Whoo-hoo! Just got tooth #7....and tooth #8 looks like it's going to drop soon! Will she swallow it, or give me another one? I won the tooth lottery with this puppy!


----------



## DNL2448 (Feb 13, 2009)

Ha! I got you all beat! I have puppy teeth and the OCD chips removed from Tucker's shoulder and Trip's elbow! Plus as a bonus, I have one of my horses (from years ago) teeth! Yep, we're crazy all right!


----------



## Bentley's Mom (May 19, 2011)

Bentley still won't give up any. I've now resorted to only let him play with toys that I think the teeth might stick in. 

*- I'm not a mean puppy mommy. I rotate his toys to keep his interest. This week he just happened to not get any hard type chew toys :


----------



## KatieBlue'sMidnightSky (Feb 22, 2011)

I don't know, Bentley's Mom....the last tooth I got was because I gave her something nice and hard to chew--elk antler. Sneaky! The 8th one I mentioned--gone. Must of fallen out when she was chewing on any multitude of things she picks up during our walks! Sticks, cups, rocks, tennis balls, (several courts along creek), wood chips, toilet stopper (srsly! that was in the creek! this is a really nice area too, so I have no idea what a toilet stopper was doing in the creek! Looked fairly new, haha) When we got home, I looked inside, and it was gone.
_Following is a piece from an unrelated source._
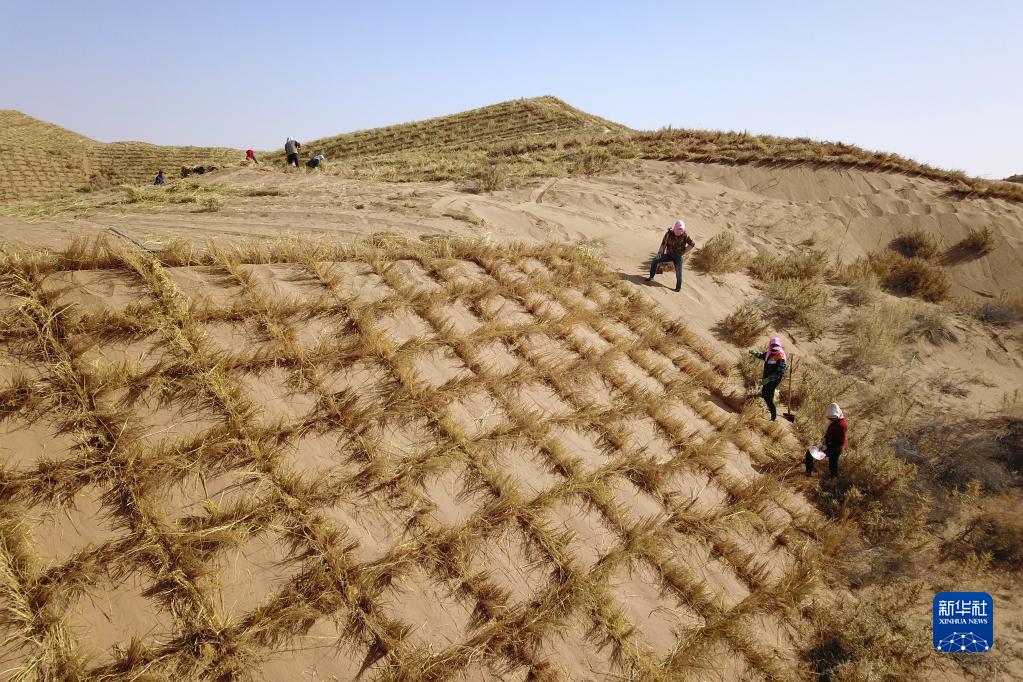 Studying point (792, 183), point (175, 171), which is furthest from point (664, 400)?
point (175, 171)

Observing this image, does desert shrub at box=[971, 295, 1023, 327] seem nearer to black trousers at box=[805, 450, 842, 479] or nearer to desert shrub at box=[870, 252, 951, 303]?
desert shrub at box=[870, 252, 951, 303]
Come on Bentley! Give your mamma a tooth already! :nervous:...this is your mamma looking all over for that one prized puppy tooth! 



Bentley's Mom said:


> Bentley still won't give up any. I've now resorted to only let him play with toys that I think the teeth might stick in.
> 
> *- I'm not a mean puppy mommy. I rotate his toys to keep his interest. This week he just happened to not get any hard type chew toys :


----------